The ease with which the protesters defeated a combined force of police and soldiers at the television station raised speculation over whether the security forces fully support the Prime Minister. Both the Prime Minister and his security chiefs have appeared reluctant to use force to break up the protests, but results of an online poll by the English-language Bangkok Post newspaper said that nearly 60% of respondents supported the use of force to end the demonstrations.
Emboldened by their victories of the past few days, a contingent of Red Shirts attempted to overrun the First Regiment base on Saturday, only to discover a new resolve among the soldiers. Troops slowly pushed back the demonstrators, who threw bottles, rocks, sticks and iron traffic barriers. The soldier responded with water cannon and tear gas. Government spokesman Panitan said live rounds were fired in the air, and rubber bullets fired at the crowd. Red shirt protesters claimed live rounds were fired at them.
The soldiers succeeded in pushing the Red Shirts back several hundred meters, taking an intersection in front of the regional headquarters of the United Nations. But by nightfall they had failed to take the Phan Fa intersection. Gunshots were heard near the Democracy Monument by photographers for The Nation newspaper.

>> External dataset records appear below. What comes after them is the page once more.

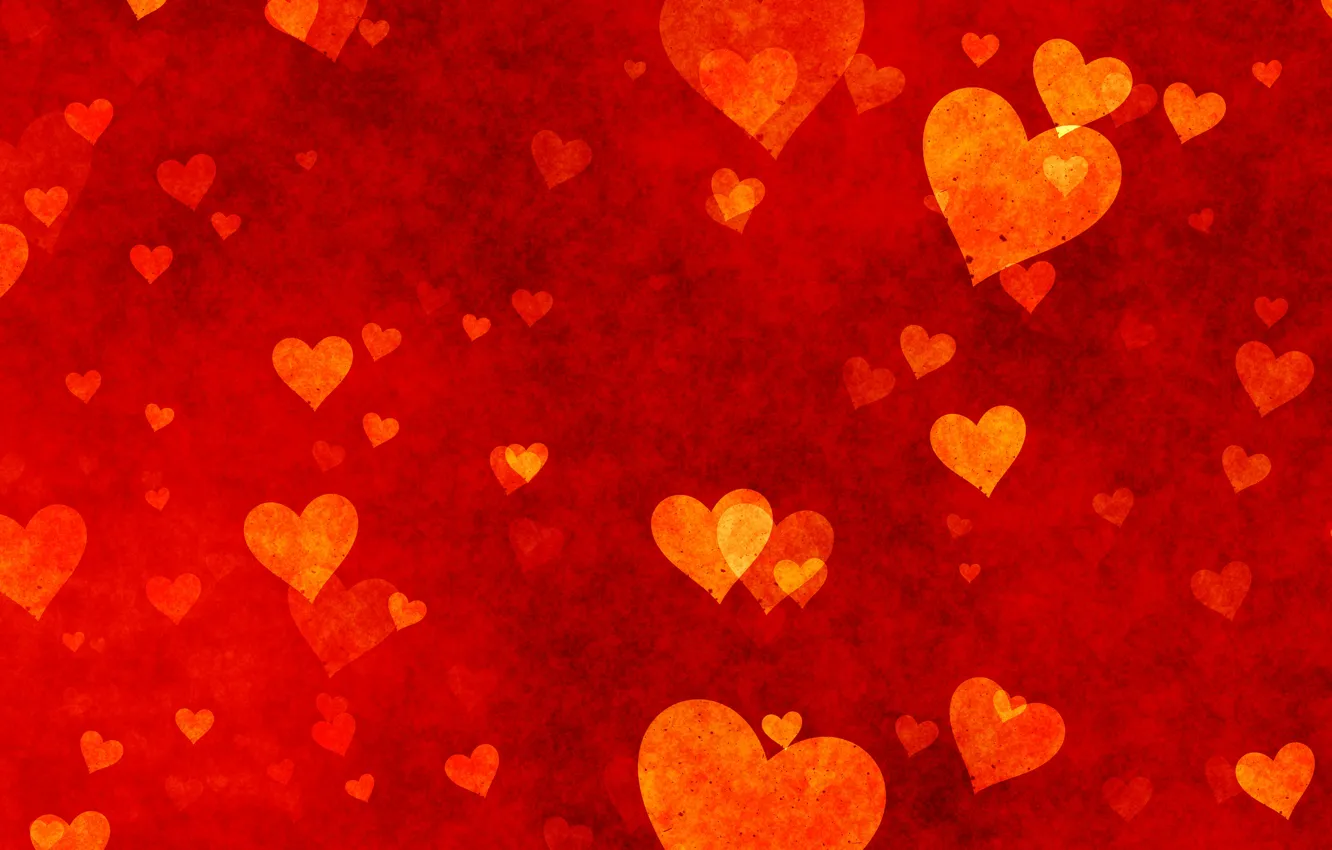 Фото обои сердечки, red, love, background, romantic, hearts, bokeh, Valentine's Day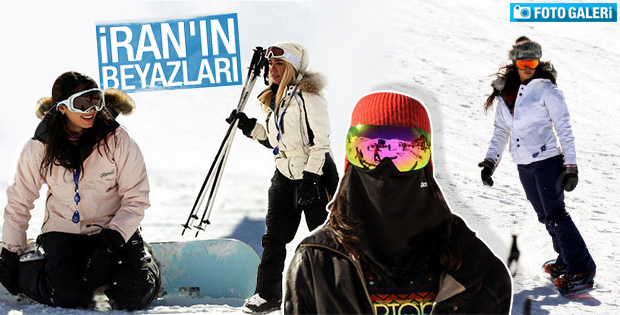 İran'da kayak sezonu başladı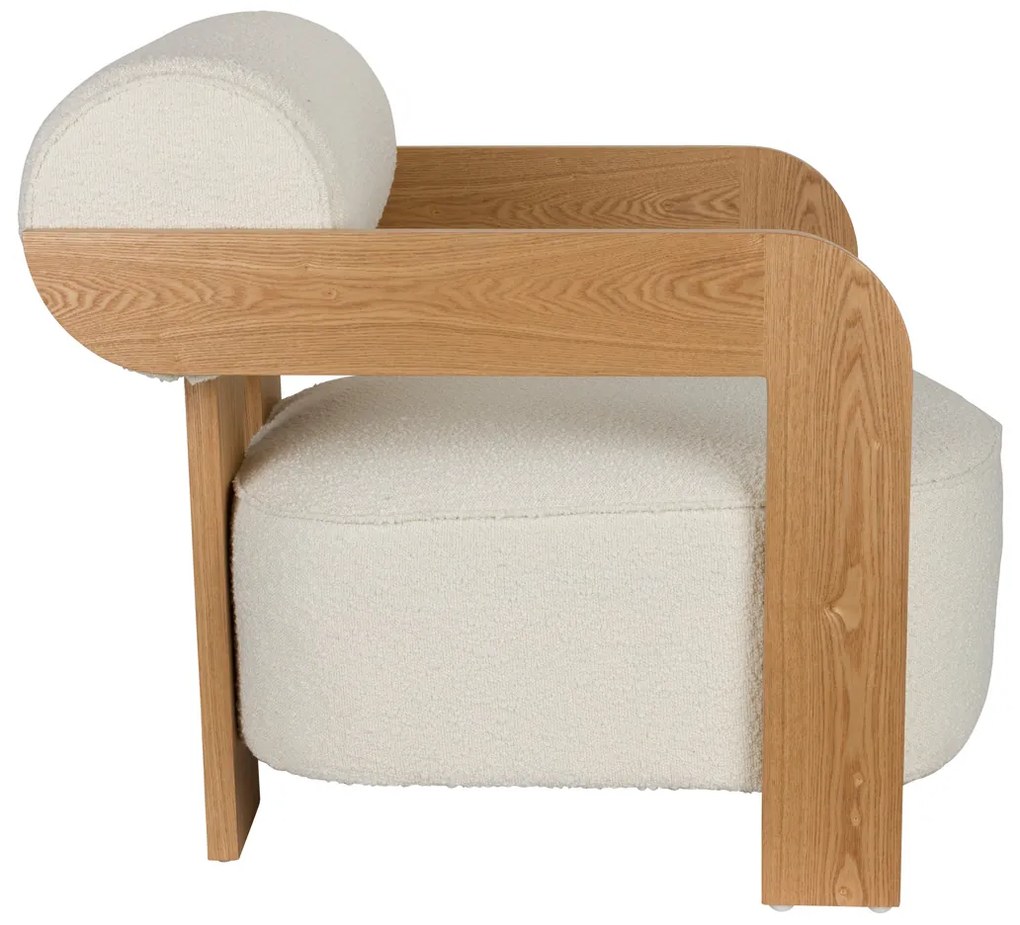 Zuiver Oolong Eiken Fauteuil Modern Design Beige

Across town, Red Shirts flooded into the Rajaprasong intersection, a major commercial center in the capital that they have occupied for more than a week ands where protest leaders denounced the government. A contingent of Border Patrol Police sent to close off a road to the intersection were pushed back by protesters. "If they come back, we'll push them back again," shouted a Red Shirt holding a stick.
At the urging of protest leaders, hundreds of Red Shirts in the northern province Chiang Mai and the northeastern province of Khon Kaen surrounded provincial halls. They had yet to overrun them. Protest leaders had encouraged Red Shirts to seize provincial halls around the country.
As darkness fell on Bangkok, it was not clear if the army would continue its operations throughout the night or wait until morning to resume trying to take back the city's streets. "All that happened today so far may come to nothing, depending on whether government can hold on to the slim advantage they earned today," said Tulsathit Thaptim, an editor at The Nation.